So guys, you are reading this near Christmas, a holiday I didn't celebrate as a child. Even now, as an adult, I only experience it peripherally through Herman.
Growing up in Cleveland, we always celebrated the Festival of Lights, or Hanukkah, which started its eight-day run this past Tuesday evening.
Back in Cleveland, specifically in University Heights/Shaker Heights area, we didn't see a single house decorated for Christmas because the community was predominantly Jewish. I was raised as a conservative Jew and my parents were raised in the orthodox tradition in Europe, in Germany and Poland. It was not a material-oriented holiday, or even especially religious, it was more a tradition and way of life for us. In Hebrew school, I did learn about the miracle of lights when the temple light burned for eight days with only one day's worth of oil.
We also lit candles, sang songs every night and exchanged gifts, but it just wasn't the commercial excess the holiday seems to have become these days. So I still am somewhat subdued about the whole Christmas thing, even though I now live in a part of the country that is much more Christian-oriented.
My best friend, Jacques Lorenzo, was the one who introduced me to the whole concept of the beauty of the Christmas holiday through some of his favorite Christmas films. One film that stands out for me is "It's A Wonderful Life," and Herman got me watching "A Christmas Story," which is his personal favorite.
Recently, "Home for the Holidays" has become a personal favorite - although that film highlights Thanksgiving more than Christmas, which also was more of a huge holiday in our family.

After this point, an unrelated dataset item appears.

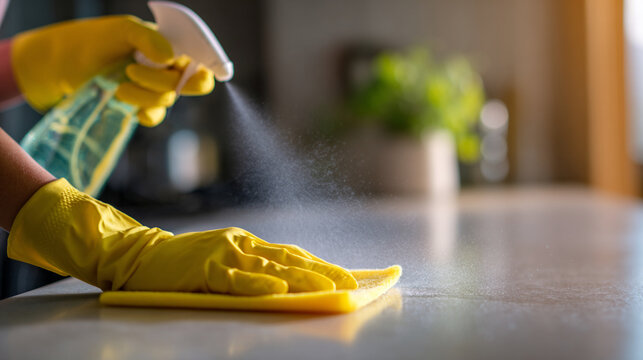 Close up of woman hands spraying disinfectant cleaner on kitchen counter for hygiene and germ prevention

I remember Mom hosting a gathering of more than 30 people when we got together for Thanksgiving, and it was all family members and all very religious where Yiddish was spoken.
When I lived with Jacques in New York City in the 1980s, I remember going down to the Hudson River tree lot and Jacques lugging home a tree that was a struggle for his slight frame. Sometimes I and one of his boyfriends would have to help him get the tree home. My input was decorating the tree with white cloth bows and red velvet bows, but the whole experience was all brand new to me and it wasn't my tradition at all, but I was happy to celebrate his tradition as he was happy to celebrate my Jewish traditions.
I haven't had a tree in my home since Jacques sadly passed away some years back and have no interest in having one today. I'm happy to say Herman feels the same. The only holiday decorations we hang are the cards we get from friends and family that help us remember what the holidays are all about.
So, whatever your personal traditions, I hope family and friends are gathered around to help you celebrate and remember what any holiday is really about; those close to us that we care about.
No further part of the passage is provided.